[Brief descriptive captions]
%%

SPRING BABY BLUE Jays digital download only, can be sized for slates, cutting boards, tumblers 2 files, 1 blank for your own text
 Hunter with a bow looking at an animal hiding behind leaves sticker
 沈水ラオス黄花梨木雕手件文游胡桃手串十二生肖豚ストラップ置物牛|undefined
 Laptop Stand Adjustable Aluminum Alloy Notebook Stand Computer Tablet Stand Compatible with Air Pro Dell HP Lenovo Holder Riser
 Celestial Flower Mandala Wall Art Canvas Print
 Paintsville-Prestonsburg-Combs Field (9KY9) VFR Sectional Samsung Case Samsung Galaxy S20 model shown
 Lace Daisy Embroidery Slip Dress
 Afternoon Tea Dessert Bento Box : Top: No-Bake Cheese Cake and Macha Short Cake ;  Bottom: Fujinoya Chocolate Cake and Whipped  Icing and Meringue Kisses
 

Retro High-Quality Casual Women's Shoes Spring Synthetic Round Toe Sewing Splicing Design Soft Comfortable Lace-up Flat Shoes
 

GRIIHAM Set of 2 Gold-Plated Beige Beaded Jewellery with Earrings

%%

→ HOW TO COMPLETE THIS TASK:
Using the data above, return every line that contains the string "Lace".

→ ANSWER BOX:
 Lace Daisy Embroidery Slip Dress
Retro High-Quality Casual Women's Shoes Spring Synthetic Round Toe Sewing Splicing Design Soft Comfortable Lace-up Flat Shoes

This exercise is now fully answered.